The Washington Post can’t stop itself. The newspaper insists on relying on the same anti-Israel sources. A June 12, 2022 report, “Infighting in Israel imperils West Bank legal protections,” is the latest example.
The dispatch by reporter Shira Rubin and Jerusalem bureau chief Steve Hendrix is ostensibly about debates over laws in Judea and Samaria (West Bank), but, if implicitly, it paints Israel as an “apartheid” state. And it relies on a curious cast of characters to do so.
One, Issa Amro, is described as merely an “electrical engineer and political activist.” The Post’s story begins by following Amro, quoting him extensively. The Post fails to provide readers with details about his background, preferring instead to portray him as merely an everyday Palestinian who “along with Hebron’s other 200,000 Palestinian residents, is subject to military law imposed by the occupying Israeli forces.”
Amro, however, is far more than an “electrical engineer” who the Post just, by chance, happened upon. In fact, he’s a prominent anti-Israel activist. Indeed, there’s an enormous body of evidence documenting Amro’s antisemitic statements and beliefs.
As the late Petra Marquardt-Bigman pointed out, Amro “is on friendly terms” with “individuals known for their antisemitism and their open support for Hamas,” including Miko Peled, who compares Israelis to Nazis, and members of the Tamimi clan, who have assaulted IDF soldiers and trafficked in antisemitic blood libels. The Tamimis have claimed that Israel harvests the organs of Palestinians. And, as Marquardt-Bigman noted, both Amro and his group, Youth Against Settlements, have used social media to incite anti-Jewish violence.
In a since-deleted social media post on July 2014, he said, “Stop drinking our blood in Qatar, Israel occupation is killing our lives.” Amro has also accused Israel of a “genocide operation in Gaza.”
Accusing the Jewish state of genocide is not only inaccurate, it also meets the International Holocaust Remembrance Alliance (IHRA) definition of antisemitism that has been adopted by numerous governments. Ditto for Amro’s allegation that Israel “drinks blood,” which is merely an updated version of the blood libel. No wonder that Amro associates with, and promotes, the Tamimis; they seem to have a lot in common.
Amro’s troubling history is well documented. Marquardt-Bigman highlighted it in an Oct. 22, 2017 article for Legal Insurrection, which featured screen shots of his social media. Similarly, CAMERA has written about it on numerous occasions—including in items that were subsequently sent to Post staff after the newspaper’s Ishaan Tharoor described Amro as a “Palestinian Gandhi.”
The Post either knows and doesn’t care, or it’s incapable of the most basic vetting of sources for its story. Neither option is flattering.

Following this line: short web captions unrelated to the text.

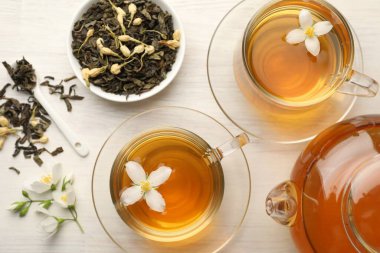 Lezzetli yasemin çayı fincanda, çaydanlıkta, kuru yapraklarda ve çiçeklerde beyaz ahşap masada, düz yerde.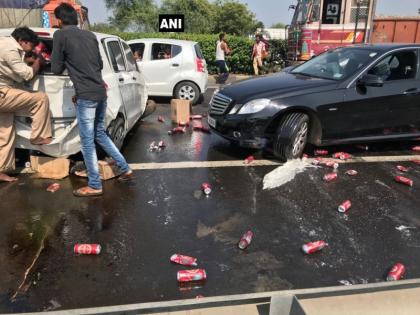 A car filled with beer, in a liquor-laden street in Gujarat; Crowd of people to pick up bottles | दारूबंदी असणाऱ्या गुजरातमधील रस्त्यावर उलटली बीअरने भरलेली कार; बाटल्या उचलण्यासाठी लोकांची गर्दी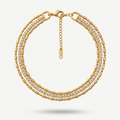 wrist wearing a layered 18k gold plated bracelet featuring delicate gold beads and a row of sparkling CZ diamonds.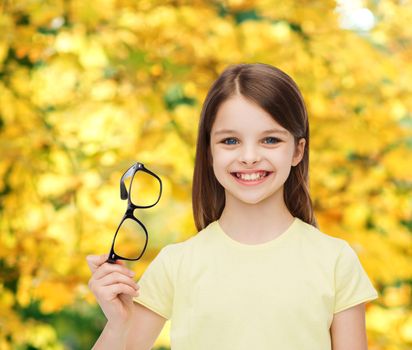 smiling cute little girl holding black eyeglasses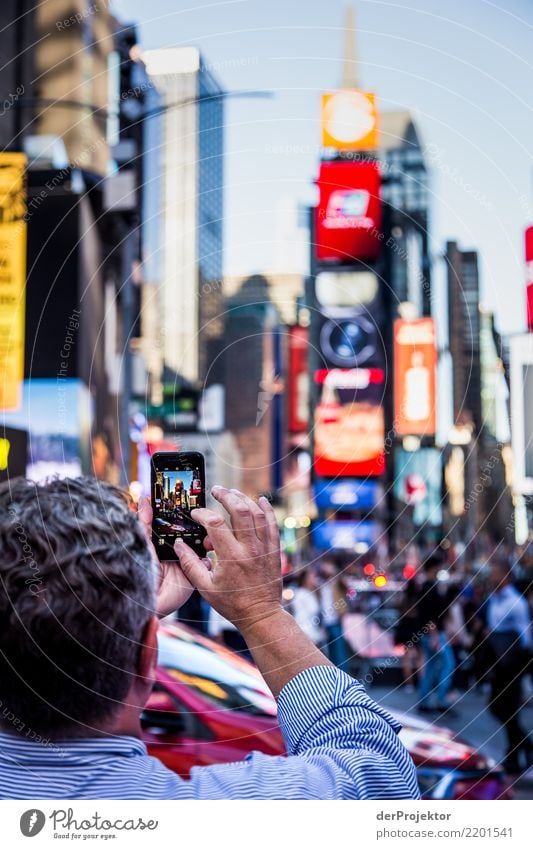 New York Times Square with Smartphone in the foreground in New York Central perspective Deep depth of field Sunlight Reflection Contrast Shadow Light Day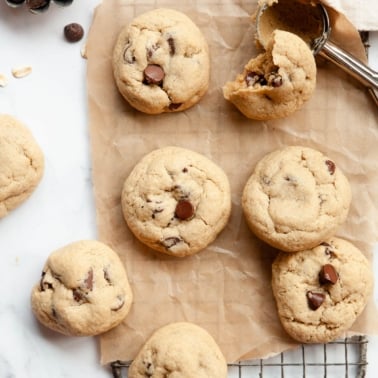 Oat flour chocolate chip cookies on a cooling rack. Cookie scoop and chocolate chips nearby.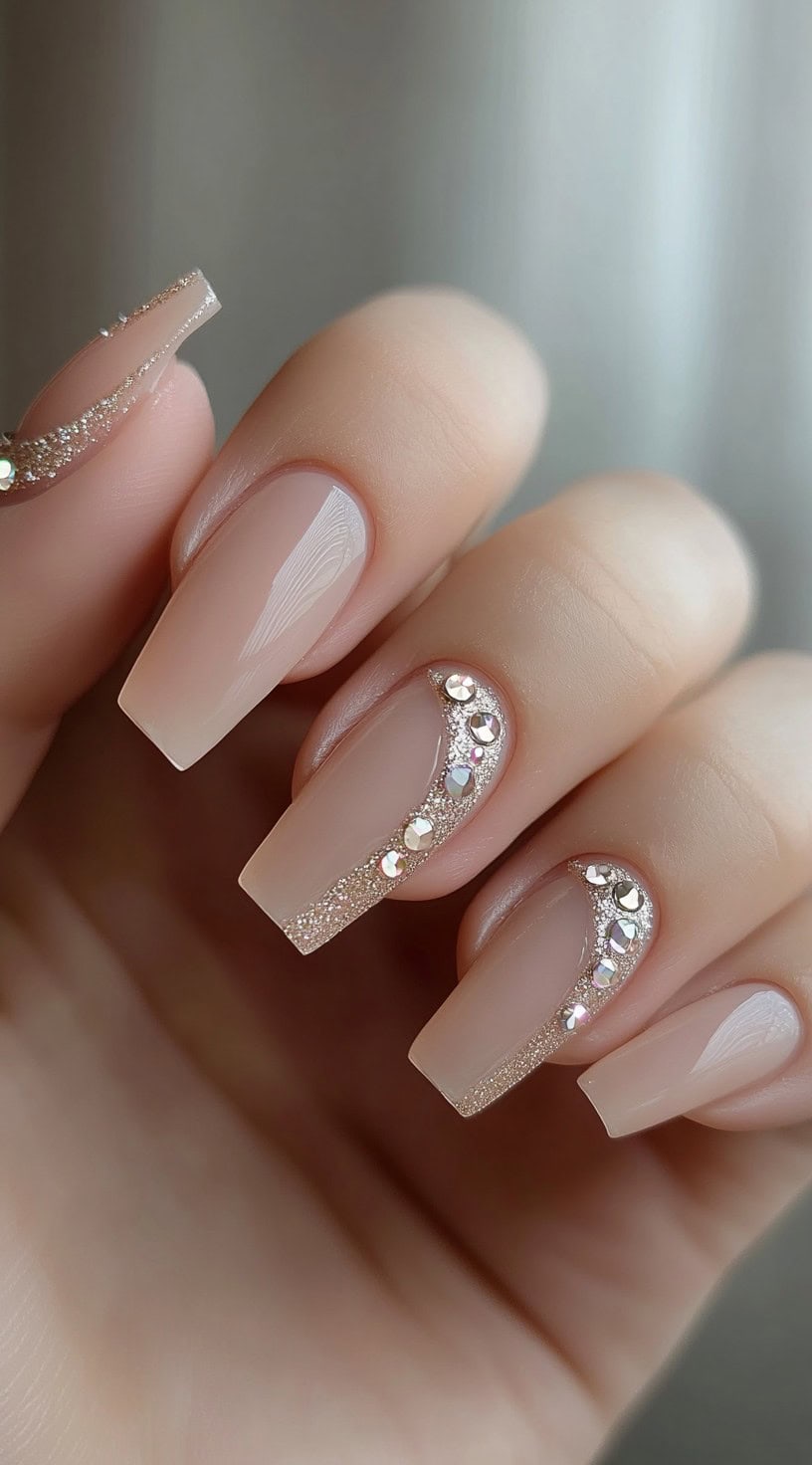 A set of nude-colored square-shaped wedding nails with delicate glitter wave designs and crystal embellishments along the curves.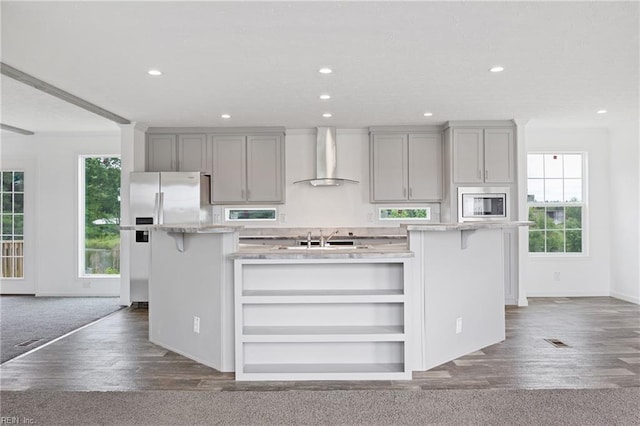 kitchen with appliances with stainless steel finishes, wall chimney range hood, a kitchen island with sink, and dark wood-type flooring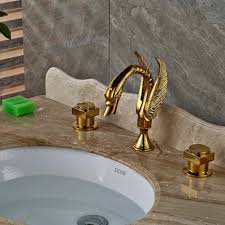 Faucet uses durable washerless cartridges and features a 1.2 gpm/4.5 lpm water flow rate. Juno Swan Gold Finish Dual Handle Wall Mount Brass Bathroom Sink Faucet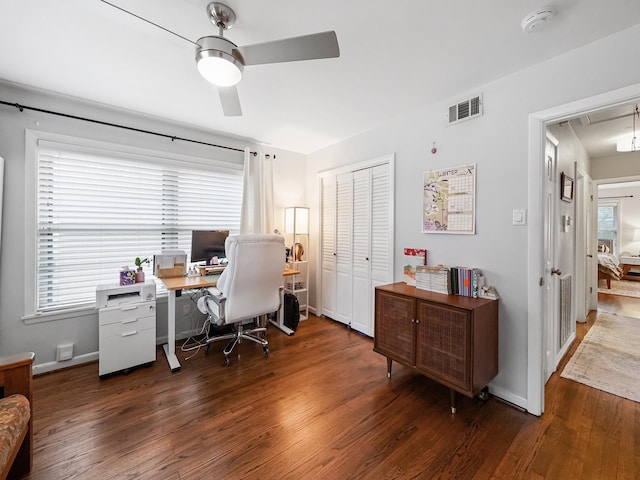 office area featuring attic access, wood finished floors, visible vents, and a ceiling fan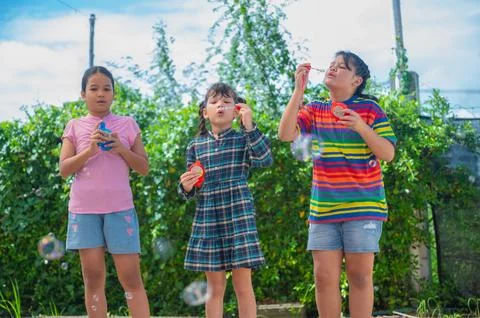 Three joyful children blowing bubbles in a sunny garden, surrounded by gree.. Stock Photos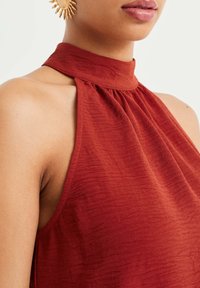 Rustfärgad halterneck-topp i texturerad tyg, med hög krage och flödande design, öppen axelutskärning och samlade detaljer.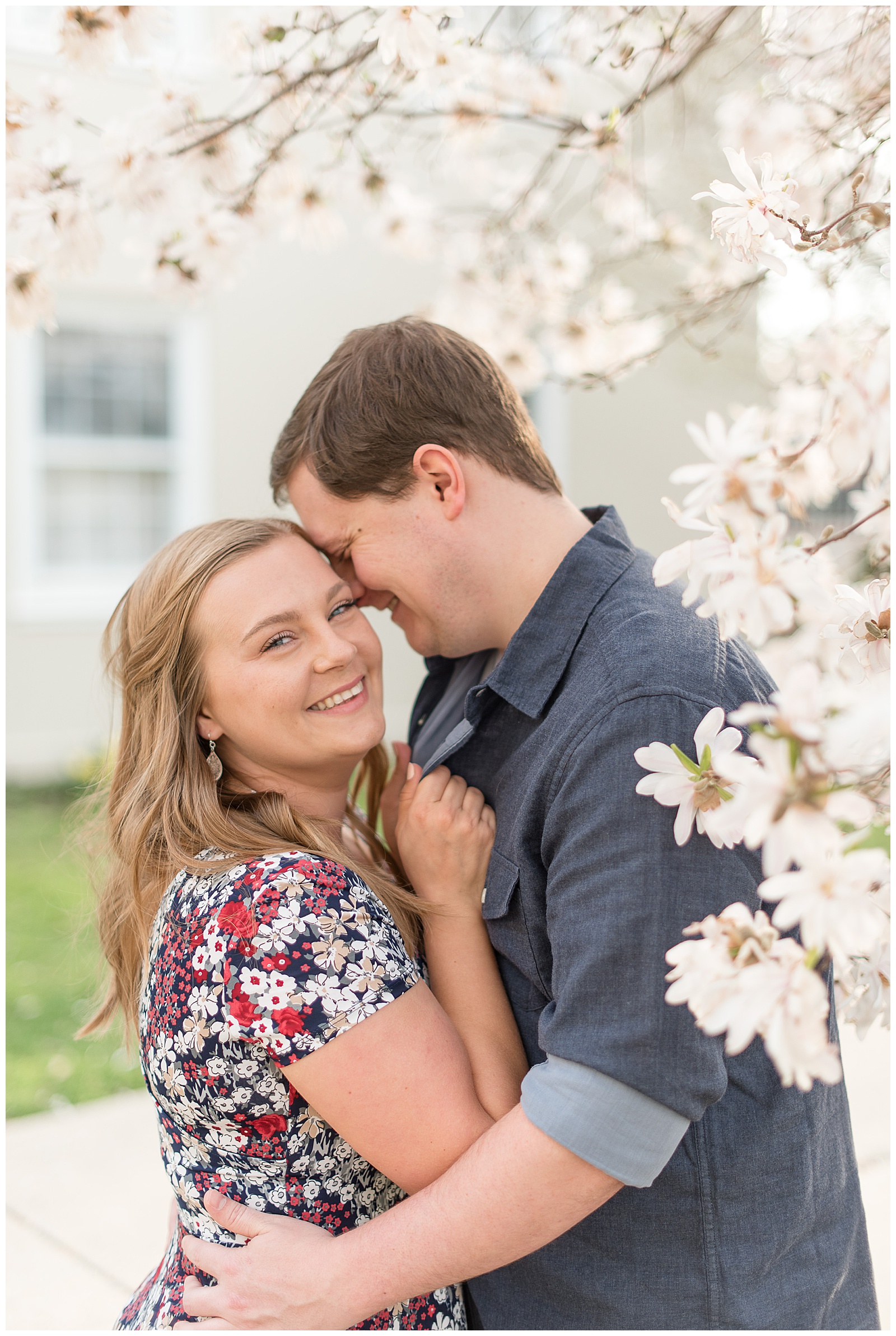 guy hugging girl and resting his forehead against hers as they smile by blooming tree in lancaster pennsylvania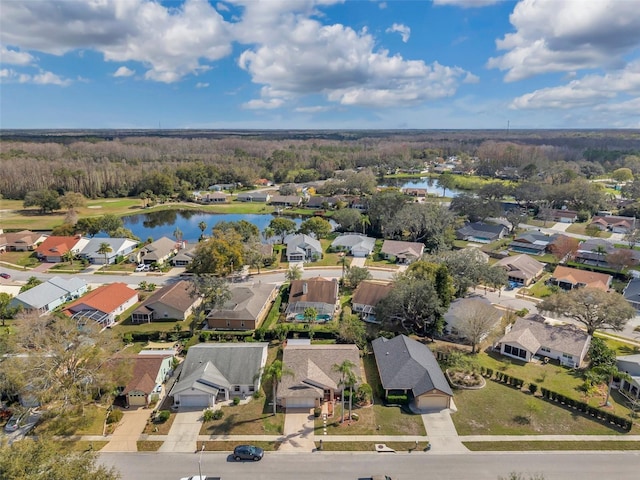 bird's eye view with a residential view and a water view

Amro’s troubling history might be omitted, but the Post doesn’t miss a chance to categorize certain Israeli officials. Netanyahu and his Likud Party are described as “right-wing.” And Israeli Prime Minister Naftali Bennett is noted to have once been a “leader of a settlements group.” By contrast, Mansour Abbas, is simply described as the leader of the “United Arab Party” who “temporarily suspended his party’s participation in the coalition to protest Israeli police actions against protesters at al-Aqsa Mosque in Jerusalem’s Old City.”
However, as other news outlets have long documented—including with video footage—many of these “protesters” were armed and assaulting Israelis. But this too is omitted.
Indeed, the newspaper failed to even include relevant history—history that goes directly to the heart of the story which it claims to be covering.
Although the Post frequently refers to Israel as “occupying” Hebron, it fails to note that the Jewish presence in Hebron predates the Arab and Islamic conquests of the 7th and 8th centuries. Similarly, the newspaper fails to tell readers that Palestinian Arab leaders have, on several occasions, rejected offers for statehood—offers which would make even the pretense of an “occupation,” and all of its accompanying complications, moot. The Palestinian people don’t have a state because their leaders have declined one if it meant living in peace next to a Jewish state. This is a fact, although it’s one that the Post likes to ignore.
Instead, the newspaper refers to the same old sources, despite—or perhaps because of—their anti-Israel biases. At the Washington Post, indulging in blood libels and antisemitism makes you a trusted source. Readers should take note.